High Performance a Balancing Act ...
Visda 060001SUB1 Visits (7997)
Dual cores have become household products, yet we see little change in the performance of the application that run on these machines. Just this morning, I started Firefox and Lotus Notes at the same time on my dual core T60p laptop, and had to wait a long time before I could use either one of the applications.
To take full advantage of hardware horse power: software has to keep up, compiler has to generate better code, or both.
Recently, I have been experimenting with compiler options to see how much I can tune the size and performance of the executable. I started off by identifying the bottle neck(s), the hottest loop(s); places in application where CPU spends most of its processing time. I used hardware profiling tool to gather the data and Visual Performance Analyzer to identify the bottle necks. With VPA you can identify the bottle neck down to the hardware instruction level. I just mention this here to give you a sense of what the tool can do. But, for the purpose of my experiment, the function name was sufficient.

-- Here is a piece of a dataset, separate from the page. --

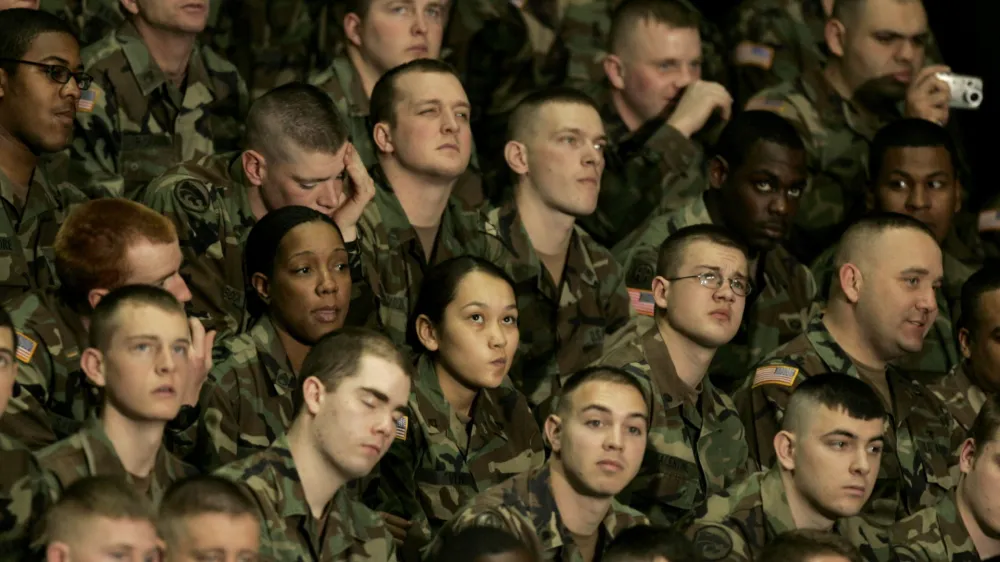 Army troops from Fort Riley, Kan., listen to President Bush deliver a speech about the war on terror during the Landon Lecture at Kansas State University Monday, Jan. 23, 2006 in Manhattan, Kan.. (AP Photo/Charlie Riedel)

Given the function name, the rest was trial an error. I used a variety of performance tuning compiler options, e.g. HOT, INLINE, HGPR, all at O3; and pragma directives, #pragma option_override and #pragma unroll.
To conclude, I have to stay a lot relied on the high level code. I couldn’t find a hat that fits all. Playing with #pragma unroll proved to be interesting. Given the limited number of registers on z/OS loop unrolling opportunities were very limited.